Watch his lower body, too. With his legs, sometimes tucked and sometimes splayed, J.R. echoes Jordan more than anyone else I've ever seen. If he doesn't try to do too much, and end up missing, he's in the finals against Josh.
Chris Andersen, New Orleans Hornets
Chris got jobbed last year. He was low-balled on a sweet two-handed windmill, and shorted on a head-to-the-rim reverse. He didn't even make the finals, and Freddie Jones, who played it pretty straight and would up winning the whole thing, did.
So there's a chance Chris comes in to this throwdown like a power-forward scorned. There's a chance he's been working up clever dunks in a remote location, somewhere, like Rocky doing rope pull-ups. If that's the case, if he comes in angry and looking to take names, he's got a shot at a surprise berth in the finals, I'd say. He might need someone else to blow a dunk to get there, but he's got hops and a shot to make noise.

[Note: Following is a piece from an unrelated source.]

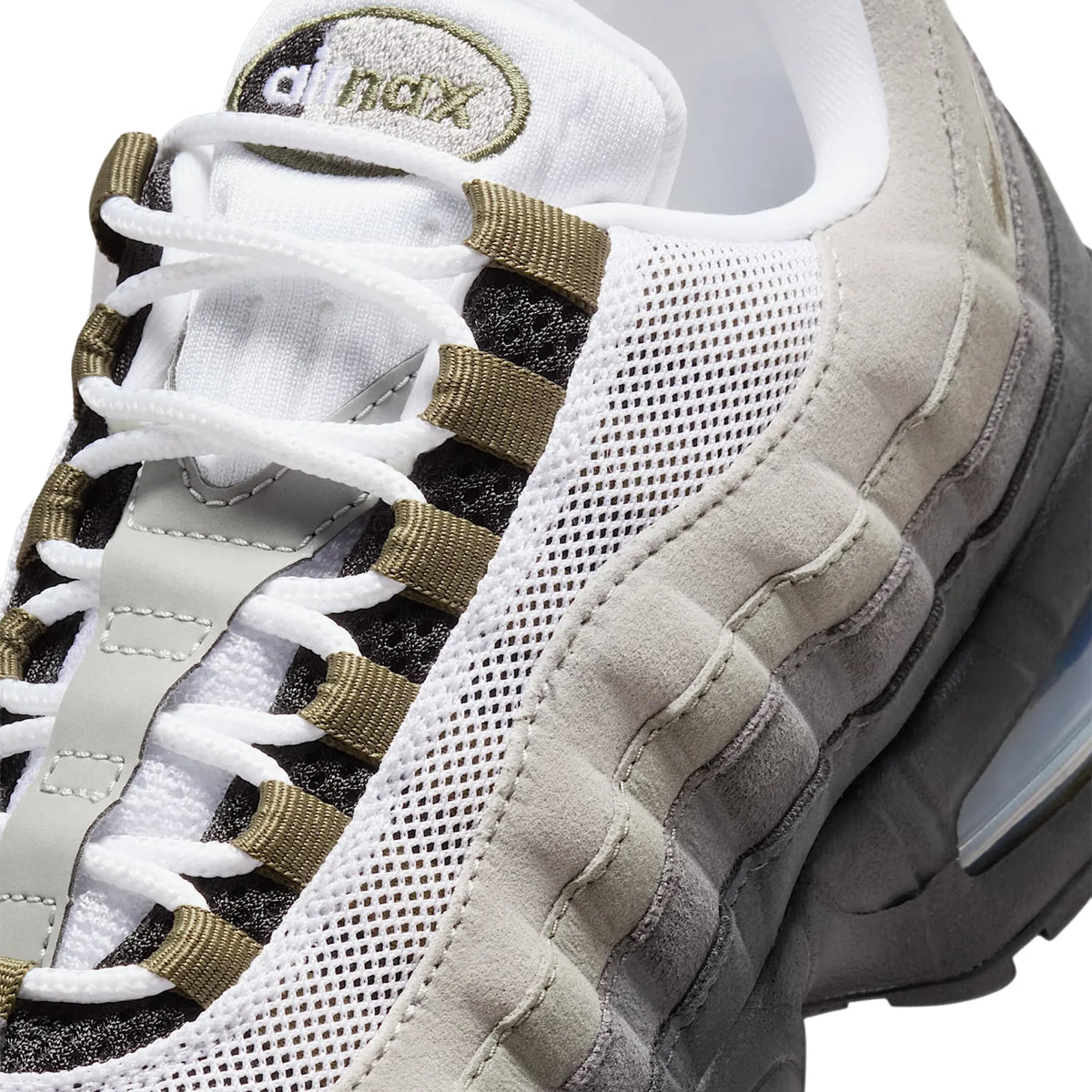 Nike Air Max 95 OG Big Bubble Medium Olive - Women's Sneakers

Amare Stoudemire, Phoenix Suns
Thunder. Rolling thunder, coming in from on high. He's the perfect in-game dunker for the Suns. He punctuates everything they do and makes it not just quick, but powerful.

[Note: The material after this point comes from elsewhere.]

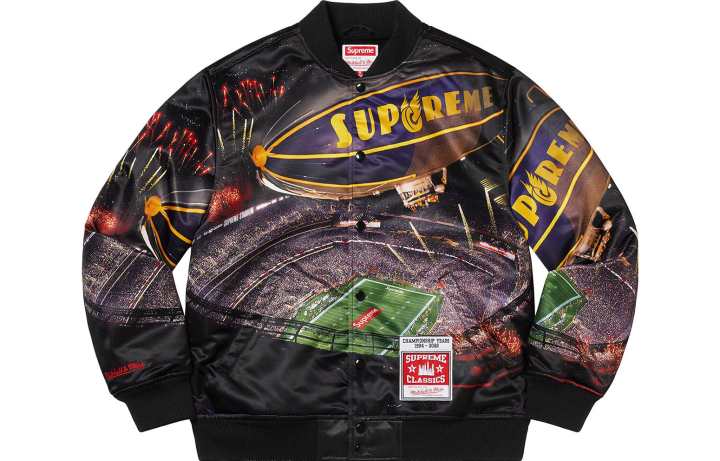 Supreme Supreme x Mitchell & Ness Stadium varsity jacket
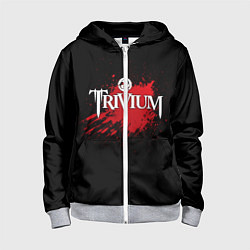 Толстовка на молнии детская Trivium Blood, цвет: 3D-меланж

But historically, the contest rewards innovation more than pure power, and unless he decides to go Chocolate Thunder on us, and roll Bill Robinzine out to catch some glass in his grill, and shatter a backboard or two, he's a good bet to be sitting courtside with a handheld video camera when the title is decided.
So if you're not sure who to put your money on, think Smith. Josh, that is.
Eric Neel is a columnist for Page 2.